Karl Liebknecht, un socialiste internationaliste et antimilitariste


Karl Liebknecht, un socialiste internationaliste et antimilitariste


Lors de chaque guerre, les gouvernements et les médias cherchent à créer une atmosphère d’«union sacrée», c’est-à-dire l’établissement d’un consensus social et politique qui leur permette d’agir sans opposition. Cette méthode éprouvée fut expérimentée pour la première fois en août 1914: la majorité des partis socialistes européens n’opposèrent aucune résistance à la vague belliciste.
L’une des conséquences de l’attentat du 11 septembe contre le «Word Trade Center», c’est qu’aujourd’hui nous sommes bel et bien confronté/es à une tentative d’union sacrée, doublée d’une dérive sécuritaire, tendant à criminaliser le mouvement contre la globalisation capitaliste.
Il est donc important de rappeler qu’en politique la fatalité n’existe pas et que, déjà en 1914, des militant/es socialistes se sont opposés aux Blair et Schröder de l’époque…

Hans-Peter Renk*

Dans son n° 215 (juin 2001), «Le Point» – bulletin du Parti socialiste neuchâtelois – publiait la citation suivante: «La loi fondamentale du capitalisme est toi OU moi, non pas toi ET moi». Il est bien de citer Karl


Liebknecht en ce début de 3e millénaire. Mais mieux vaudrait faire connaître aux nouvelles générations de militant-e-s de la gauche ce révolutionnaire allemand, sa pensée et son action politique. Voici donc quelques éléments à l’intention de nos lecteurs et lectrices.


Fils d’un fondateur du Parti social-démocrate allemand (SPD), Karl Liebknecht appartenait – avant la Première guerre mondiale – avec Rosa Luxemburg, Clara Zetkin et Franz Mehring – le biographe de Karl Marx – à l’aile gauche du SPD. Solidaire de la révolution russe de 1905 contre le tsarisme, il fut condamné par la justice du IIe Reich, en 1907, pour «haute trahison», c’est-à-dire pour ses activités anti-militaristes1. Dès le début de la Première guerre mondiale, lorsque la majorité des partis de l’Internationale socialiste – sauf les bolchéviks russes, les socialistes serbes, bulgares et italiens, l’Independent Labour Party (Grande-Bretagne) et les Neuchâtelois Charles Naine et Paul Graber… – votèrent les crédits de guerre à leurs gouvernements respectifs, Karl Liebknecht ne se laissa pas entraîner par cette vague chauvine. Avec ses camarades de la gauche du SPD resté-e-s fidèles à l’internationalisme, il anima pendant la guerre le groupe «Die Internationale» – plus connu sous le nom de «Spartakus-Bund» (Ligue spartakiste). «L’Humanité le félicite et dans Le Feu de Barbusse, des poilus français prononcent son nom avec respect. Il paie de sa personne: le 1er mai 1916, il a crié: A bas la guerre! sur la Postdamer Platz et ce cri lui vaudra quatre ans de bagne2. Mais à l’annonce de sa condamnation, cinquante mille ouvriers allemands se sont mis en grève»3. Après la révolution de novembre 1918, qui renversa le régime impérial, Karl Liebknecht participa à la fondation du Parti communiste allemand (KPD).

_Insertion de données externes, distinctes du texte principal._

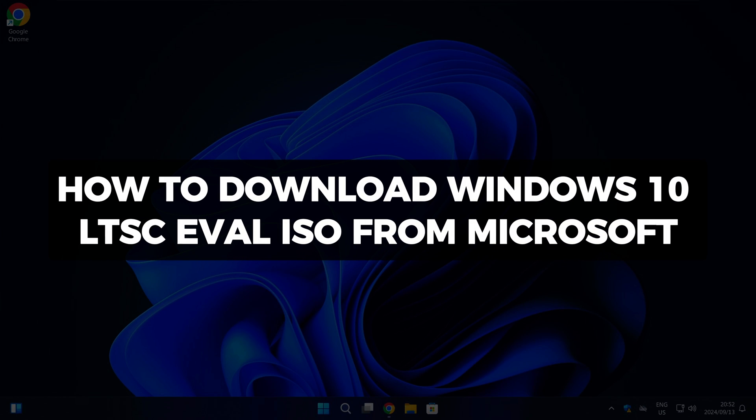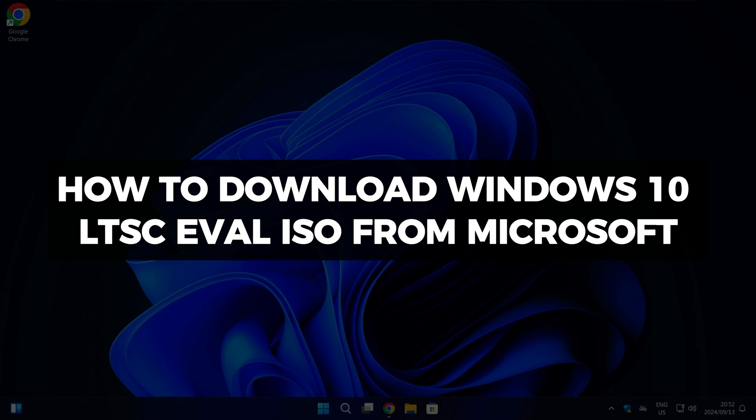Hi there and welcome to Techlight and Me. In this video I want to show you how to download the Windows 10 Enterprise LTSC Evaluation ISO file from Microsoft.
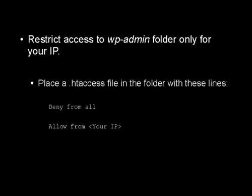And you can easily do this by placing a .htaccess file in the wp-admin folder containing these lines. You want it to say deny from all, then you have a blank line, and then you say allow from, and you put your IP address in the tag there.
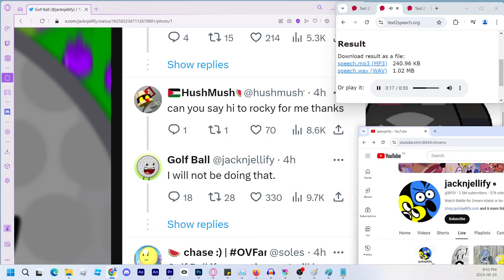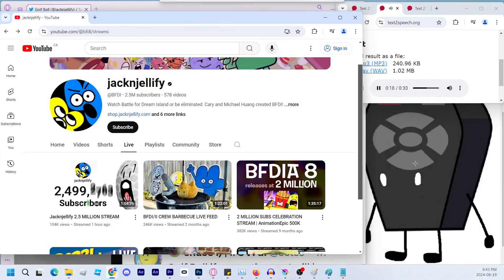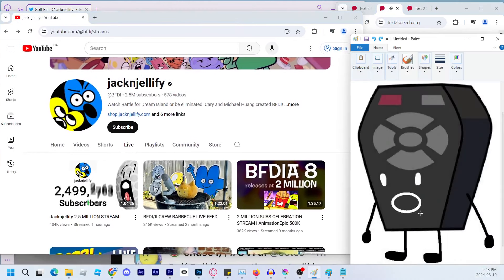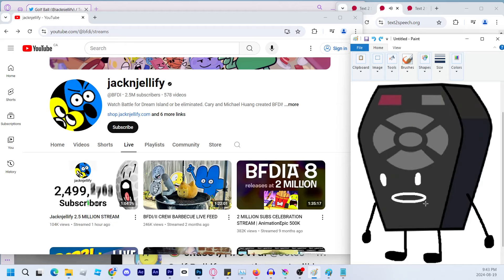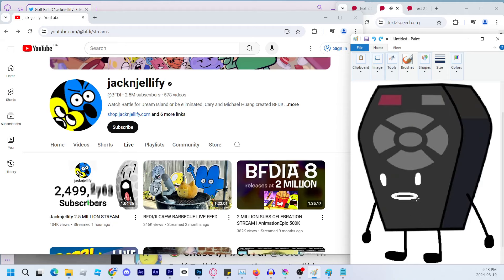If we look at the channel, Golf Ball has also hacked into the JackJellify YouTube channel and made a live stream of reaching 2.5 million subscribers which seems like an odd thing to be doing, and Golf Ball made that live stream.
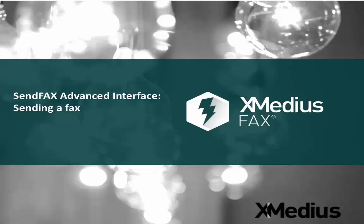Welcome to the XMedius Fax series of tutorial videos. Today's topic is sending a fax using the advanced client.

Assassiné par les corps francs


Le nouveau parti se trouva rapidement confronté à une bourgeoisie désireuse de «rétablir l’ordre» et à un gouvernement formé de dirigeants du SPD (dont Friedrich Ebert et Gustav Noske, qui avaient voté les crédits militaires durant toute la guerre), hostiles à toute perspective de révolution sociale. On attribue communément à Friedrich Ebert une phrase qui en dit long sur ses conceptions politiques: «Je hais la révolution comme le péché», et à Gustav Noske, nommé ministre de la Guerre, une autre, bien plus sinistre: «Il faut bien que quelqu’un soit le chien sanglant».

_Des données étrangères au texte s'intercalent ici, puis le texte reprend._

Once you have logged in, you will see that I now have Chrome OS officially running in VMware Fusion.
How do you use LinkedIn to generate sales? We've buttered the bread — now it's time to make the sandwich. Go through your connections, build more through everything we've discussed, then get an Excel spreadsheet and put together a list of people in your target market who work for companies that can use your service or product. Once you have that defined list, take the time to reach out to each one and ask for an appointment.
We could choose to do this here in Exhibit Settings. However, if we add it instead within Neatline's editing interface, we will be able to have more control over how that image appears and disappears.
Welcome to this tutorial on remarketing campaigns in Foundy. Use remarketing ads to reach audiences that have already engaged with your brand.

Le 15 janvier 1919, suite aux affrontements survenus à Berlin entre les travailleurs et les «corps francs», groupes para-militaires, formés avec l’accord du gouvernement Ebert, Karl Liebknecht et Rosa Luxemburg furent assassinés par un de ces groupes para-militaires4. Aujourd’hui, il est indéniable que l’échec durable de la révolution allemande, dans les années 20, créa les pré-conditions de la victoire ultérieure du nazisme et de la marche à une nouvelle guerre mondiale. Depuis lors, chaque année, sauf à l’époque du régime nazi, le 15 janvier à Berlin regroupe les différentes formations de la gauche anti-capitaliste pour honorer la mémoire de Karl Liebknecht et de Rosa Luxemburg. Cela, malgré des décennies d’anti-communisme institutionnel dans l’Allemagne de l’après-guerre; cela malgré la chape de plomb que fit peser durant des décennies le stalinisme sur le mouvement ouvrier.5


Trahie par ses successeurs


Comme le note Paul Froelich, «Son nom et celui de Karl Liebknecht ont servi de drapeau pour couvrir une politique incompatible avec celle suivie par ces grands révolutionnaires. Bien des camarades de combat et des disciples de Rosa, allemands et polonais, expièrent leur fidélité à ses idées dans les prisons staliniennes».6


En ces temps d’interventionnisme «humanitaire», méditons une autre citation de Karl Liebknecht: «Paillettes trompeuses sont les phrases sur la défense de la patrie et la libération des peuples, dont l’impérialisme orne ses instruments de meurtre. Chaque parti socialiste a son ennemi: l’ennemi du prolétariat international, dans son propre pays, c’est là qu’il doit le combattre».7


* Paru dans le solidaritéS-Infos n°27 de nos camarades neuchâtelois. (juin 2001)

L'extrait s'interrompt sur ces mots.